Although the data below holds other lines too, output only those from the line with "Bureau droit blanc" up to and including the line with "DEORAB 5x7 Washable", exactly as they appear.
** Opening Provided data block **
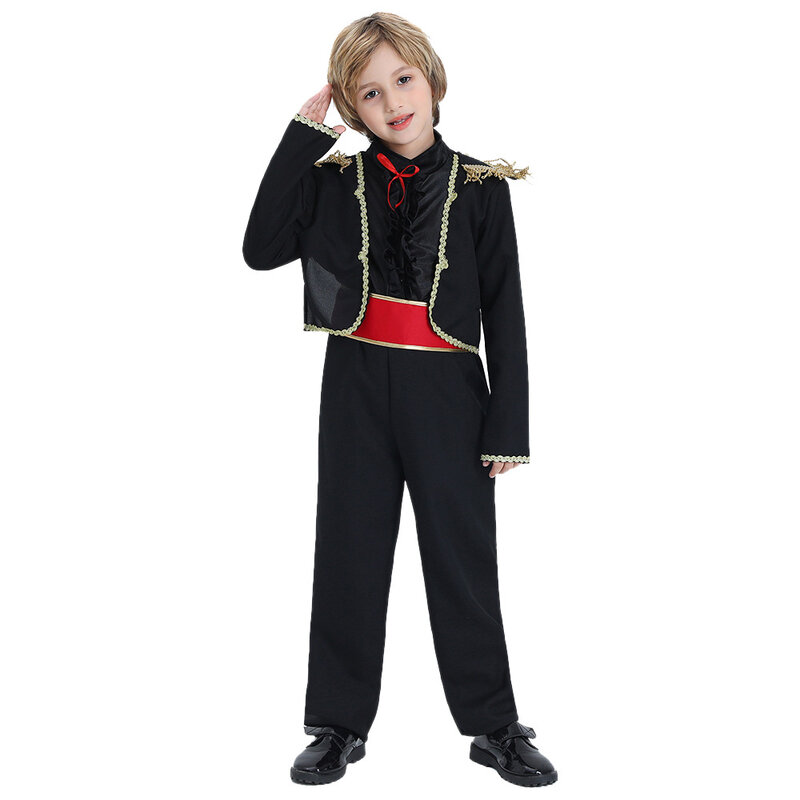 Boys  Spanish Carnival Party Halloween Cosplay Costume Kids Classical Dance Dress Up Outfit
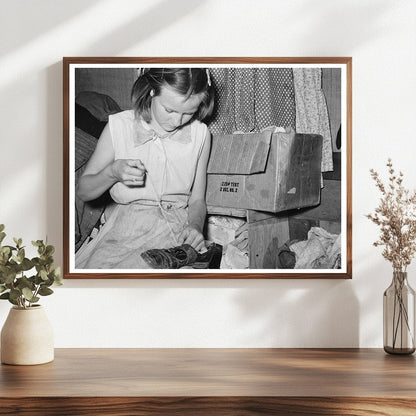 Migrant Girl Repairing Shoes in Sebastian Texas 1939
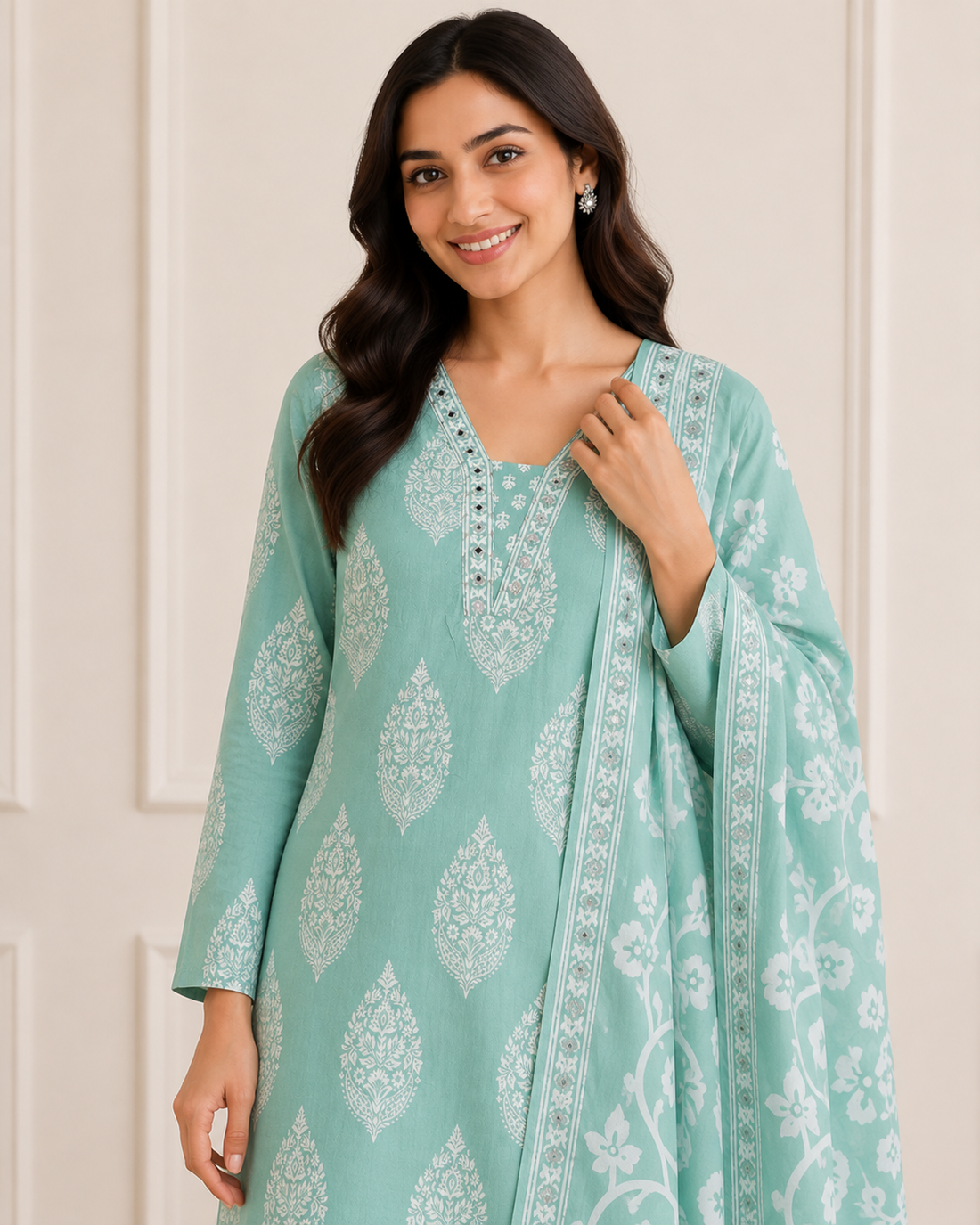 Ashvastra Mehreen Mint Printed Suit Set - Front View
** Closing Provided data block **
** Opening Provided data block **
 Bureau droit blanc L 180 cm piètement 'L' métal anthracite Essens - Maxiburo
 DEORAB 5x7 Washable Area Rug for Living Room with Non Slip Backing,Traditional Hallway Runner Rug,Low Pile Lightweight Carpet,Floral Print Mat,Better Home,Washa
** Closing Provided data block **
• [Your response]:
 Bureau droit blanc L 180 cm piètement 'L' métal anthracite Essens - Maxiburo
 DEORAB 5x7 Washable Area Rug for Living Room with Non Slip Backing,Traditional Hallway Runner Rug,Low Pile Lightweight Carpet,Floral Print Mat,Better Home,Washa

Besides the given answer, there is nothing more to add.